On 15/11/12 09:38, ANNIE LI wrote:
> 
> 
> On 2012-11-15 15:40, Pasi Kärkkäinen wrote:
>> Hello,
>>
>> On Thu, Nov 15, 2012 at 03:03:07PM +0800, Annie Li wrote:
>>> This patch implements persistent grants for xen-netfront/netback. This
>>> mechanism maintains page pools in netback/netfront, these page pools is used to
>>> save grant pages which are mapped. This way improve performance which is wasted
>>> when doing grant operations.
>>>
>>> Current netback/netfront does map/unmap grant operations frequently when
>>> transmitting/receiving packets, and grant operations costs much cpu clock. In
>>> this patch, netfront/netback maps grant pages when needed and then saves them
>>> into a page pool for future use. All these pages will be unmapped when
>>> removing/releasing the net device.
>>>
>> Do you have performance numbers available already? with/without persistent grants?
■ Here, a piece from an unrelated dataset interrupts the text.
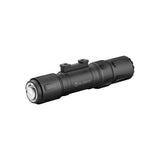 Olight Odin S | M-LOK пистолетен фенер | 1.500 lm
> I have some simple netperf/netserver test result with/without persistent 
> grants,
> 
> Following is result of with persistent grant patch,
> 
> Guests, Sum,      Avg,     Min,     Max
>   1,  15106.4,  15106.4, 15106.36, 15106.36
>   2,  13052.7,  6526.34,  6261.81,  6790.86
>   3,  12675.1,  6337.53,  6220.24,  6454.83
>   4,  13194,  6596.98,  6274.70,  6919.25
> 
> 
> Following are result of without persistent patch
> 
> Guests, Sum,     Avg,    Min,        Max
>   1,  10864.1,  10864.1, 10864.10, 10864.10
>   2,  10898.5,  5449.24,  4862.08,  6036.40
>   3,  10734.5,  5367.26,  5261.43,  5473.08
>   4,  10924,    5461.99,  5314.84,  5609.14

In the block case, performance improvement is seen when using a large
number of guests, could you perform the same benchmark increasing the
number of guests to 15?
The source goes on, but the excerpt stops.